[Opening RECORDS FOR THE TASK section]

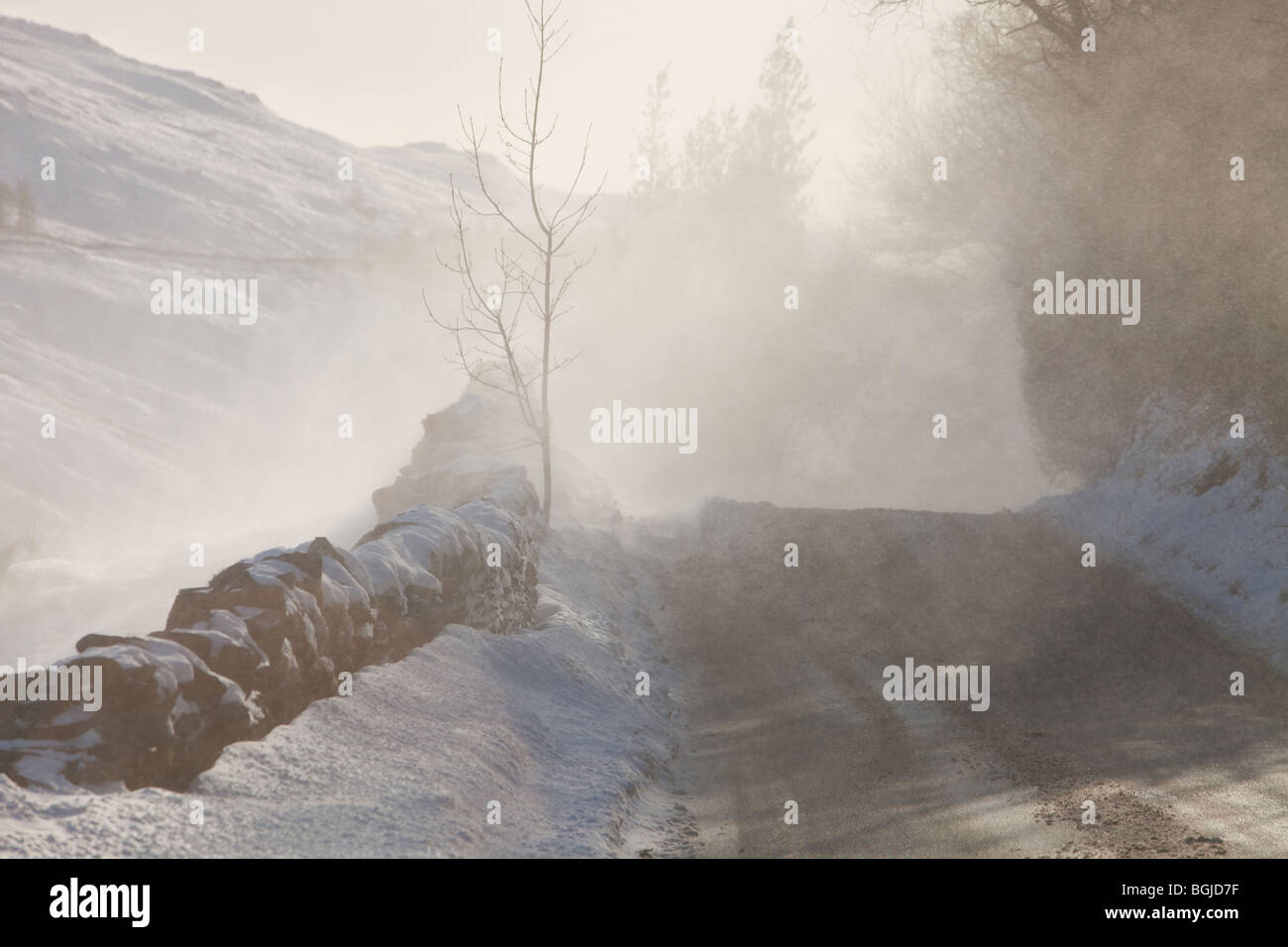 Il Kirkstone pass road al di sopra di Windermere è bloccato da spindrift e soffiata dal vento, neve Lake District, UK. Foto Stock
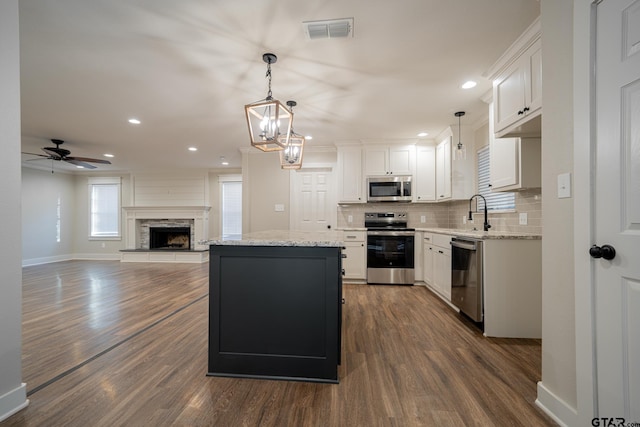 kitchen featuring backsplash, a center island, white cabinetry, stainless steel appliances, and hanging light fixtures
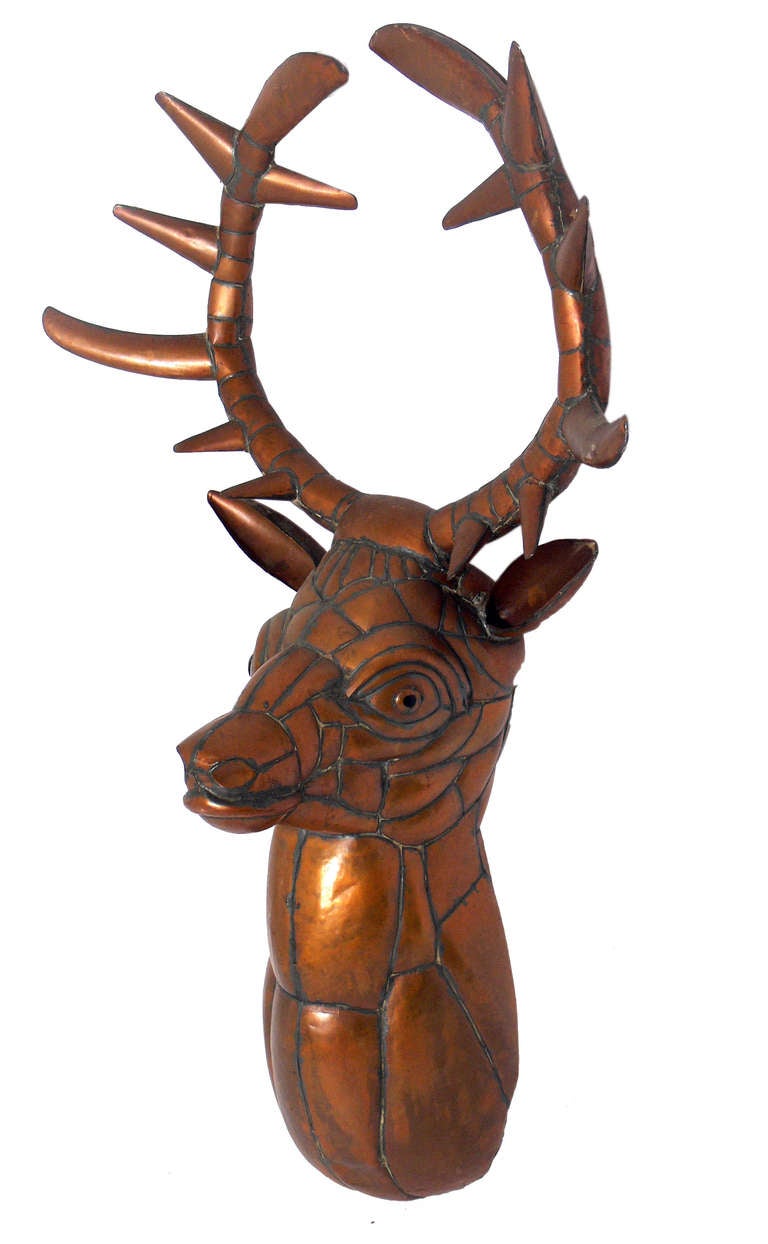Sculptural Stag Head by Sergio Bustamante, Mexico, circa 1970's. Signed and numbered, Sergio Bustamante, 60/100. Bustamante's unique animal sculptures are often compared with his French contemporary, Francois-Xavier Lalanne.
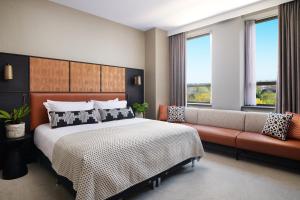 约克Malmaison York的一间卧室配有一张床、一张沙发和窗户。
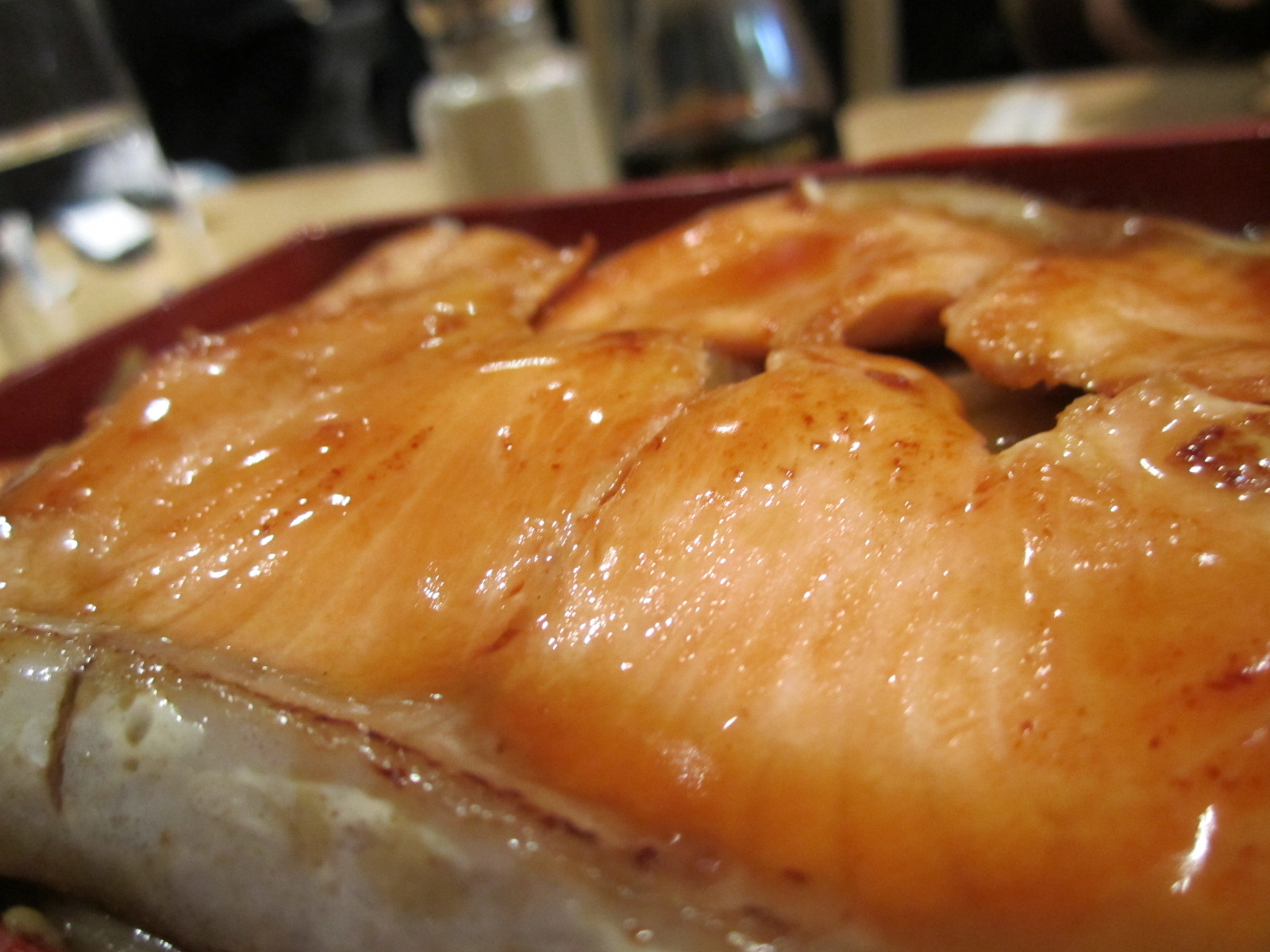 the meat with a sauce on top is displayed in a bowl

[Closing RECORDS FOR THE TASK section]

Copy only these lines from the records above, exactly: the one with "Sculptural Stag Head", the one with "约克Malmaison York的一间卧室配有一张床、一张沙发和窗户。", and those between. Skip the pictures.

Sculptural Stag Head by Sergio Bustamante, Mexico, circa 1970's. Signed and numbered, Sergio Bustamante, 60/100. Bustamante's unique animal sculptures are often compared with his French contemporary, Francois-Xavier Lalanne.
 约克Malmaison York的一间卧室配有一张床、一张沙发和窗户。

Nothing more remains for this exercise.